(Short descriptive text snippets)
= = =

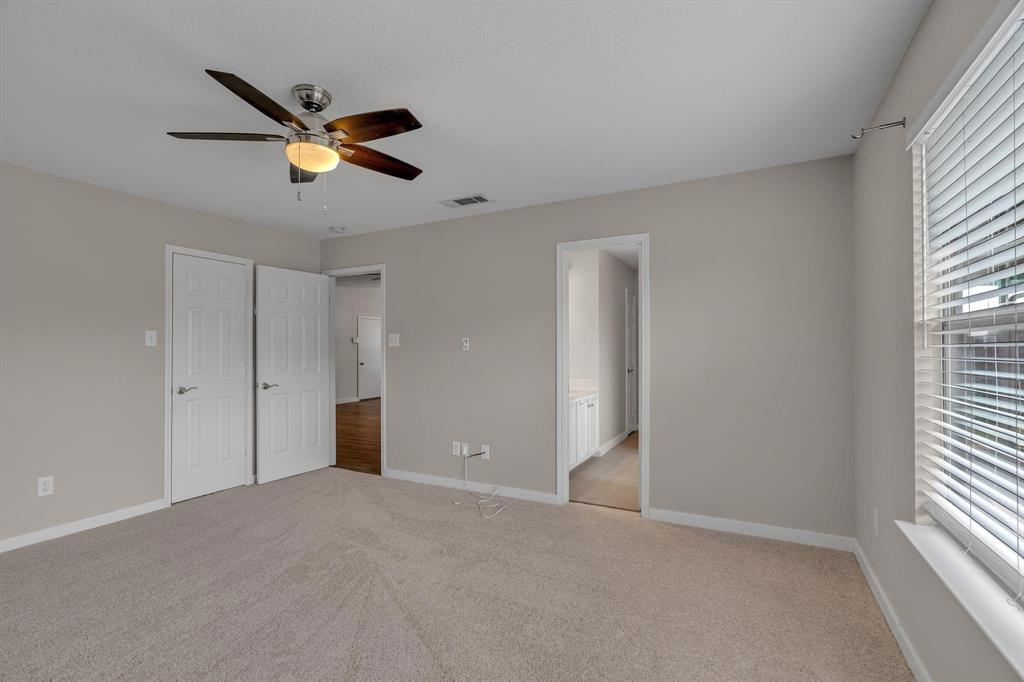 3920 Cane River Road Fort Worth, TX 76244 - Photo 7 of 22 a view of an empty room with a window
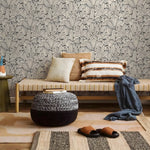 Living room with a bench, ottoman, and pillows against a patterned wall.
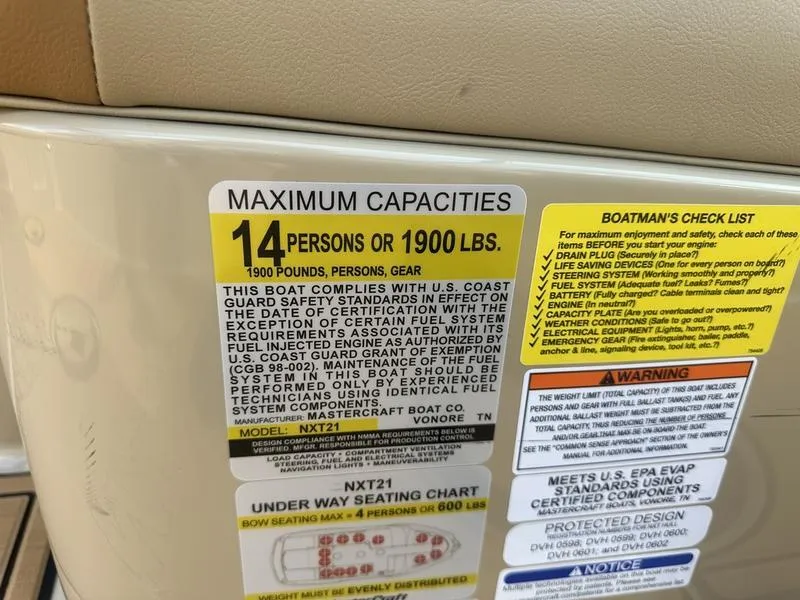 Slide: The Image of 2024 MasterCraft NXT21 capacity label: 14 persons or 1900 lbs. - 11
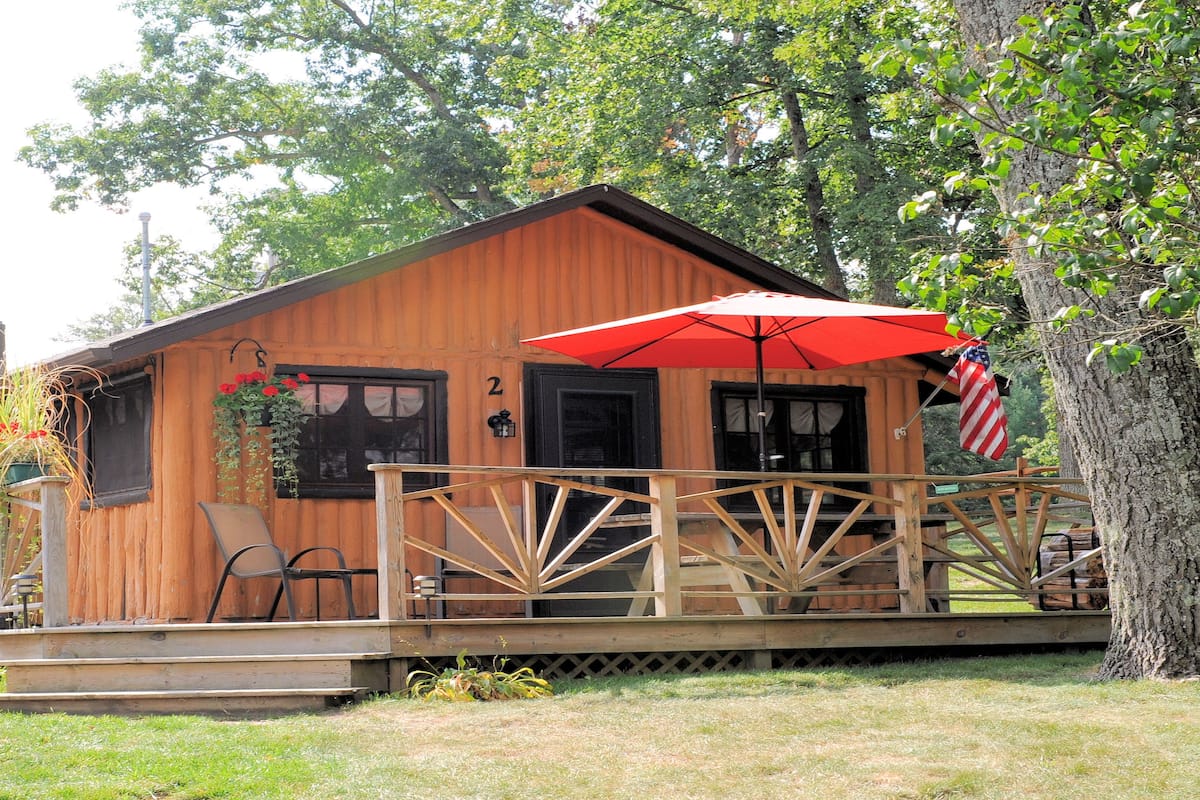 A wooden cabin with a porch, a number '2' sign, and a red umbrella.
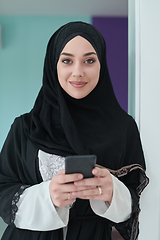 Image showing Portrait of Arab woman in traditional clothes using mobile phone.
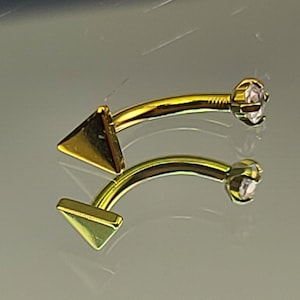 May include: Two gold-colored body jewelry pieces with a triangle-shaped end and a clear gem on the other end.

= = =

**The problem:**
Word for word, restate the lines from the line with "Living room with" through the last line of the entries, and nothing beyond them. Omit pictures.

**Exercise response:**
 Living room with a bench, ottoman, and pillows against a patterned wall.
 Slide: The Image of 2024 MasterCraft NXT21 capacity label: 14 persons or 1900 lbs. - 11
 A wooden cabin with a porch, a number '2' sign, and a red umbrella.
 Image showing Portrait of Arab woman in traditional clothes using mobile phone.
 May include: Two gold-colored body jewelry pieces with a triangle-shaped end and a clear gem on the other end.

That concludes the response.